Na maanden van voorbereiding staan Everdingen en het Fort in mei twee weekenden lang centraal…
Jan Blanken was als een vis in het water in Vianen
Jan Blanken is als waterbouwkundige te plaatsen in het rijtje van de ingenieurs Lely en Leeghwater, alleen Blanken is op de een of andere manier een stuk minder bekend geworden, concludeert Chris Will. ‘De meesten kennen Lely van de Afsluitdijk en van de naam Lelystad. Leeghwater is bekend vanwege het leegpompen van grote watergebieden waardoor land werd gewonnen bijvoorbeeld de Purmer, Schermer en Wormer in Noord-Holland. Met zo’n naam is dat natuurlijk ook makkelijk te onthouden.’

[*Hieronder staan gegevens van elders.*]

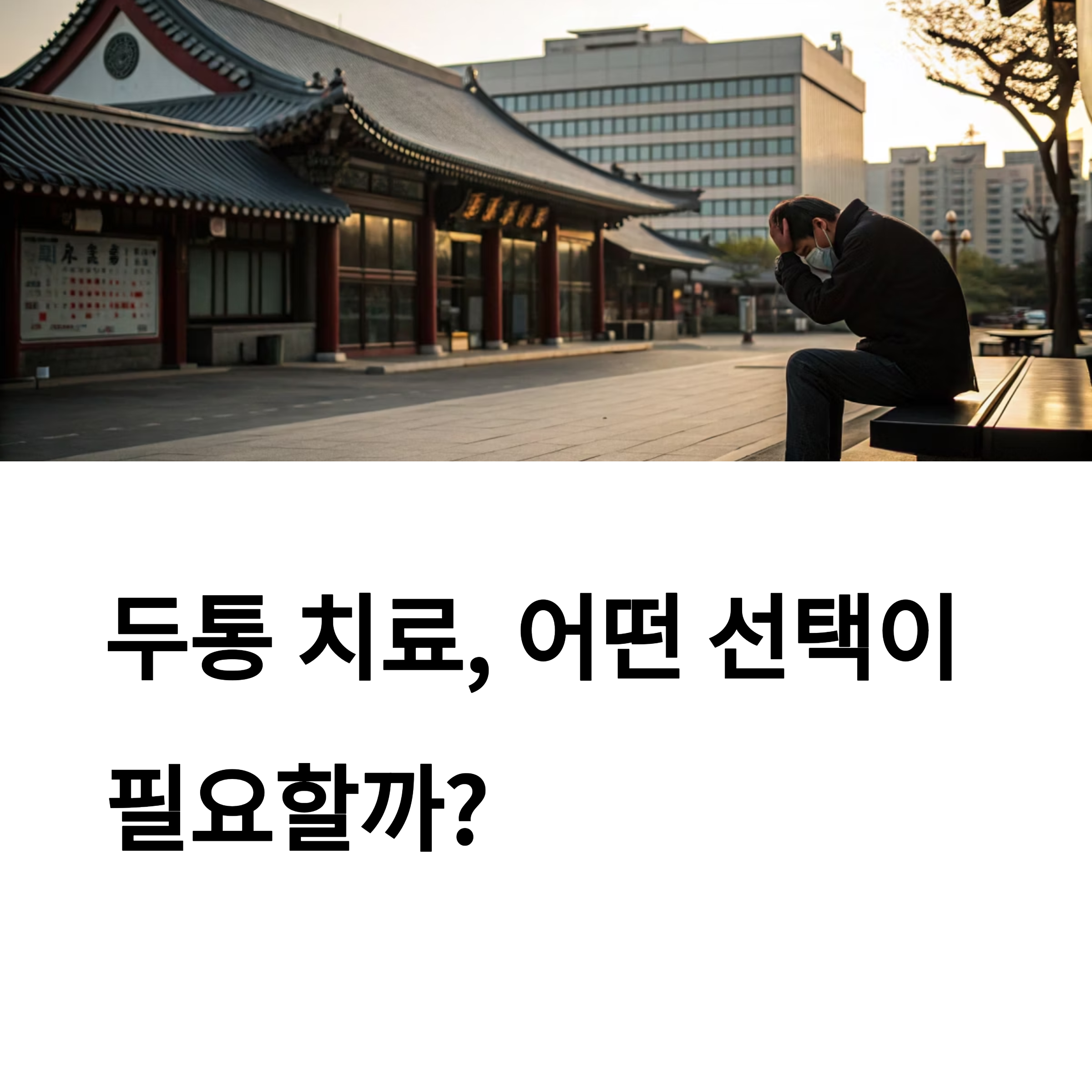 두통 치료, 어떤 선택이 필요할까?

Jan Blanken was een van de eerste Inspecteurs-Generaal van de Waterstaat van ons land en bracht vooral onder Koning Willem I veel tot stand. Blanken was de ‘Kanalengraver’ en Willem I de ‘Kanalen Koning’. Dit koppel bleek gedurende vele jaren een goede match. Bij Vianen was het Zederikkanaal met vlotbruggen daar een voorbeeld van.

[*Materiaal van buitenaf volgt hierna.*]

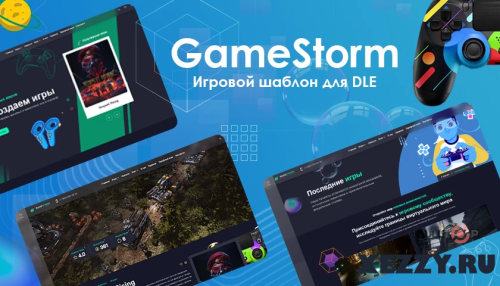 Подробнее о "GameStorm — игровой шаблон DLE"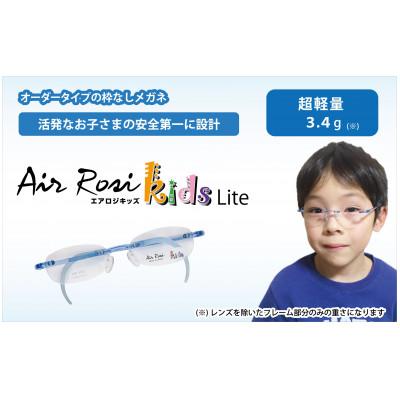 ふるさと納税 蒲郡市 エアロジキッズ　オーダーふちなし眼鏡セット_【G0421】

Chris Will is van mening dat als je om je heen kijkt in het rivierenland rondom Vianen, je gerust kunt stellen dat Jan Blanken verantwoordelijk is voor het schouwspel dat zo kenmerkend is voor dit landschap: het netwerk dat trekvaarten, sloten en rivieren met elkaar verbindt.
Steenfabriek
Jan Blanken leeft tijdens de overgang van de achttiende naar de negentiende eeuw en is getrouwd met de dochter van de eigenaar van een steenfabriek uit Vianen, Maria van Lakerveld. Blanken heeft veel forten en sluizen kunnen laten bouwen van deze stenen. De steenfabriek van schoonvader Lakerveld stond in de uiterwaarden van de Lek ongeveer ter hoogte van de huidige camping van Boer Bertus bij de Middelwaard.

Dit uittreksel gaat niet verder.